26 August 2002

Hall of Famer Hoyt Wilhelm died yesterday, at the age of 79 or so. He was the first (primarily) relief pitcher elected to the Hall, and first knuckleballer (I think). Rollie Fingers and Phil Niekro have both followed Wilhelm into the Hall since, respectively, in those categories. This brings up the following comparison:

______W - L__ SV__IP____H __SO_ERA
Rollie 114-118 341 1701.3 1474 1299 2.90
Goose 124-107 310 1809.3 1497 1502 3.01

Why isn't Pete Rose in the Hall of Fame? Frankly Pony, that one's kind of obvious, isn't it? The real question is why isn't Goose Gossage in the Hall of Fame? He had fewer saves than Rollie, but more than 20 games difference in their won/lost records (+10 wins, -11 losses). He pitched more innings, allowed fewer hits, struck out batters more often, allowed homers less often, and had a slightly lower adjusted ERA (relative to the league) for his career. Goose was on nine All-Star teams to Fingers' seven. Both led their league in saves 3 times, finished among the top 10 in the MVP voting twice (Fingers won it, with the Cy Young, in 1981). Fingers was among the top ten in Cy Young voting four times to Goose's 5 times. Rollie did win four Rolaids Relief awards to Goose's one, but this is a kind of contrived award anyway, based simply on statistics rather than value, and statistics that can be manipulated, no less.

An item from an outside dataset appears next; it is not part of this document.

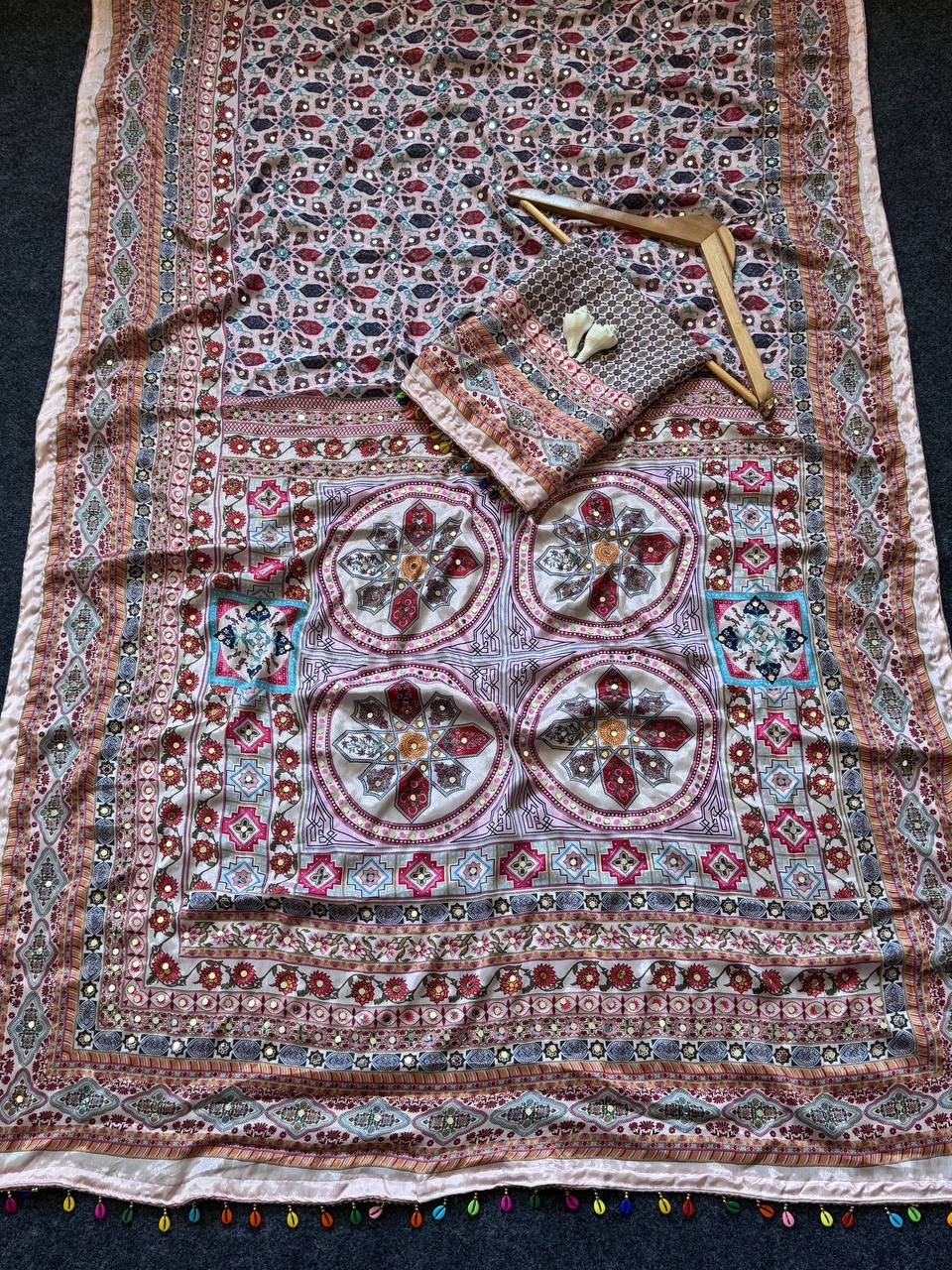 Rose Gold Roman Silk Digital Print Saree with Real Mirror Work & Kodi Latkan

I think that there are probably two main reasons that Goose is not yet in the Hall. Rob Neyer has argued that in the time it took Rollie Fingers to retire and then to be elected to the HoF, the status of the Save, as a statistic, changed. People like Tony LaRussa started using pitchers like Dennis Eckersly and Lee Smith specifically for the purpose of getting saves, and pretty soon, Goose's 310 didn't look so impressive anymore. Lee Smith (478), John Franco (422), Dennis Eckersley (390), Jeff Reardon (367) Randy Myers (347), Trevor Hoffman (346), John Wetteland (330), Roberto Hernandez (318), Rick Aguilera (318), Tom Henke (311), Jeff Montgomery (304), Doug Jones (303), Bruce Sutter (300), and Robb Nen (302) all have 300 or more saves now, and I guess it just looks bad to elect a guy who has only eight more saves than Doug Jones.

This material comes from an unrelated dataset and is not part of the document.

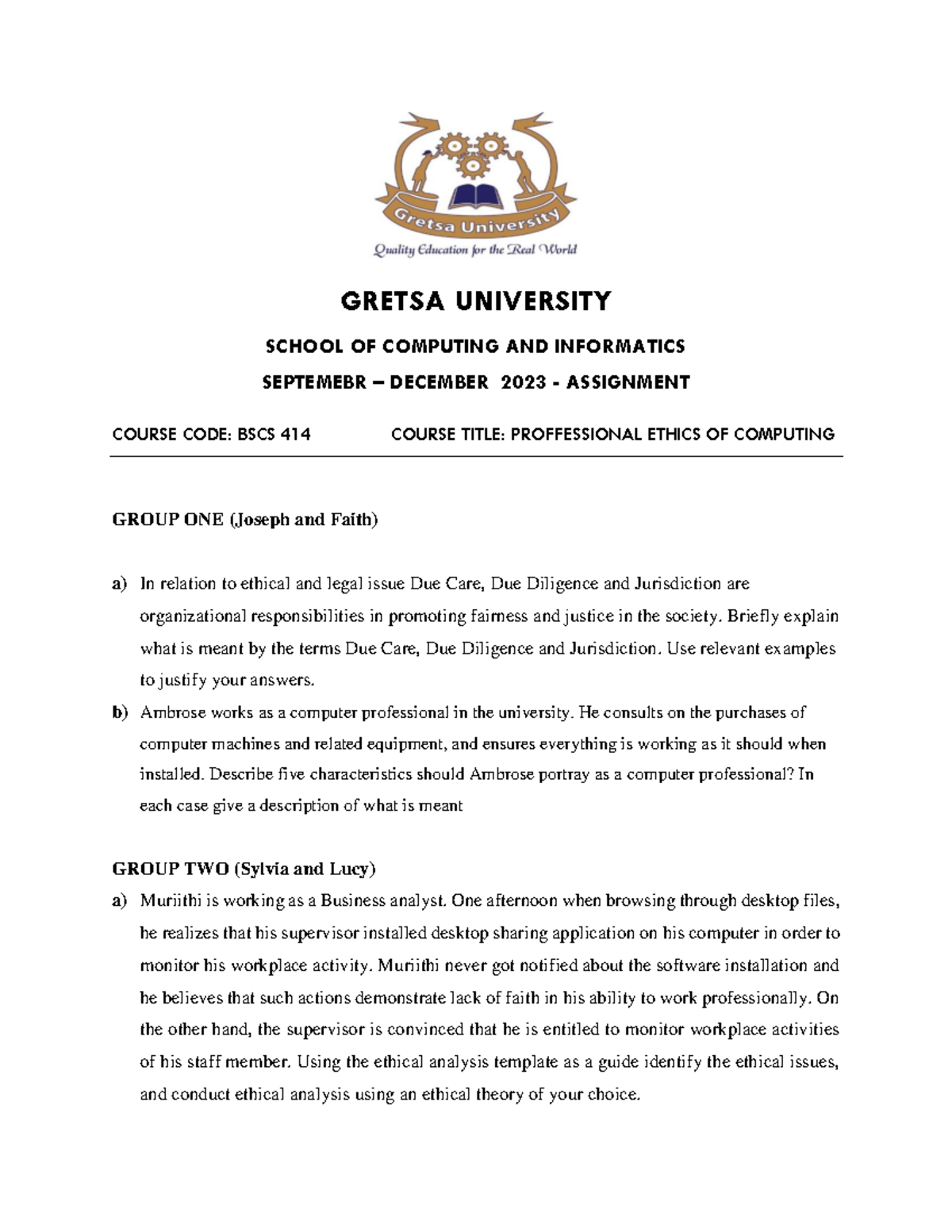 BSCS 414 - Assignment - GRETSA UNIVERSITY SCHOOL OF COMPUTING AND ...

Rollie and Goose were approximately contemporaries, with mostly overlapping careers, though Fingers ('68-'85) started sooner and retired sooner than Gossage ('72-94), but if Goose had retired two years earlier, he would have had a 2.93 ERA instead of 3.01, and the memory of him as one of the premier stoppers would have been fresher in the voters' minds when voting time arrived. Instead, he stayed a little longer than some of the BBWAA might have liked, pitching into his 22nd season, and still effectively I might add, with an ERA below the league average when the strike hit in 1994. I guess these guys want their favorites to ride off into the sunset as soon as their skills begin to diminish a little, that if you can't be The Stopper you should just Stop. It's ironic that the same men who don't elect people like Ron Guidry for not pitching long enough also punish people like Gossage and Bert Blyleven for pitching so long.